Que demasiadas ciudades españolas han sido redefinidas por un modelo comercial que desprecia al ciudadano es una obviedad. Resulta chocante que en un país de clima mediterráneo, donde la gasolina es cara y hay ciudades con una almendra histórica notable, hayamos sido empujados hacia el centro comercial periférico. En algunos casos, como Madrid, el negocio estuvo en obras mastodónticas que perpetuaban el uso del coche contra todo criterio racional. Pero incluso al empuje de concejalías miopes, cuando no cegadas por el dinero, la ciudadanía se rebela y sus costumbres obligan a sostener ciudades vivibles en las que se pueda pasear y hacer uso del transporte público. La bicicleta crece en su utilidad y los criterios de salud y medio ambiente empiezan a gozar de cierta popularidad tras décadas donde lo único que adoraba la población era al dios Dinero.

Es posible que el dios Turista también esté camino de someterse a un cierto equilibrio, porque no siempre reparte riqueza de manera igualitaria ni limpia ni preserva el alma de las ciudades. Pero en el debate de fondo persiste una duda que cada vez contestamos con más autoridad. Herederos de una dictadura, era normal que en nuestra infancia a la pregunta de a quién pertenece tu ciudad siempre contestáramos que al poder político, al gestor de turno. Con el tiempo, descubrimos que la ciudad, de pertenecer a alguien, cosa dudosa, le pertenece a sus habitantes. Y más tarde comprendimos que el paisaje urbano es la respuesta a las necesidades y caprichos de sus ciudadanos, por lo que el orden y la inteligencia resultan cruciales en mucha mayor medida que el negocio y la rapiña de espacios públicos. La última andanada contra los derechos ciudadanos tiene que ver con la explosión de las terrazas.
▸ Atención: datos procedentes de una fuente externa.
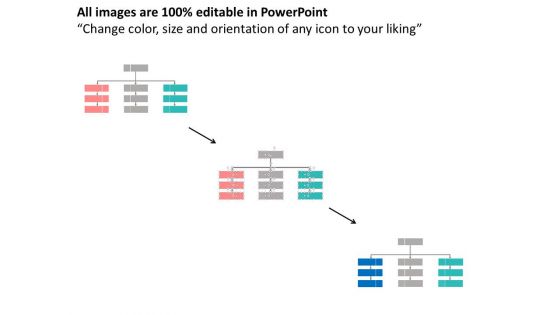 Three Level Flow Chart For Process Flow Powerpoint Template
Nada provoca más felicidad que sentarse en una terraza en plena calle. España es su clima, ni su bandera ni sus ideologías enfrentadas ni sus costumbres ancestrales, España se lo debe todo a su clima. Por eso las terrazas en nuestro país son exitosas. A veces de manera tan exagerada que la gente se sienta a comer al lado de coches y motos, sin importarles tragarse una croqueta rebozada en humo diésel y una cervecita regada en dióxido de carbono. Pero como en España todo lo hacemos a la tremenda, ha llegado un momento en que las terrazas se han apropiado de las aceras y los peatones parecen recibir el trato de las hormigas en el jardín. Manténgase a raya o le exterminamos. Con la crisis, los ayuntamientos encontraron un pequeño consuelo en la expansión de terrazas con cerramientos acristalados, sombrillas y paragüas de calor. Cuando ha llegado la hora de repensarse la legislación sobre el asunto los hosteleros han salido a protestar, y con razón, ante la posibilidad de que se les limite el negocio.

Pero la pregunta que queda en el aire es la misma que fue siempre. ¿De quién son las aceras? El hecho de pagar una tasa por terraza no implica que adquieras un derecho de por vida. También estarían felices los zapateros, los libreros, los vendedores de ropa y las floristerías si les dejaran utilizar la acera frente a su negocio. De hecho, si quisiéramos ser justos, todo negocio tendría que poder pagar una tasa y extender su género en la calle para oferta del viandante. Por eso no es nada raro que alguien saque el sentido común a pasear y comience a planificar con orden la medida y el rigor de la terrazas. Se alzan en un territorio común y por eso no debe imperar la ley del más fuerte, sino un criterio básico, que tenga en cuenta el espacio de paso, la competencia leal y una fiscalidad justa. En un mundo ideal, las concesiones tendrían que valorar la salubridad del enclave. País de bares y restaurantes, nadie cambiará la faz de España por mucho que se empeñe y mientras el clima nos siga premiando, nuestra bandera seguirá siendo la tortilla, la caña bien tirada y un vinito entre amigos. Jamás algo más ambicioso. Pero incluso ante esta certeza es necesario imponer lo razonable.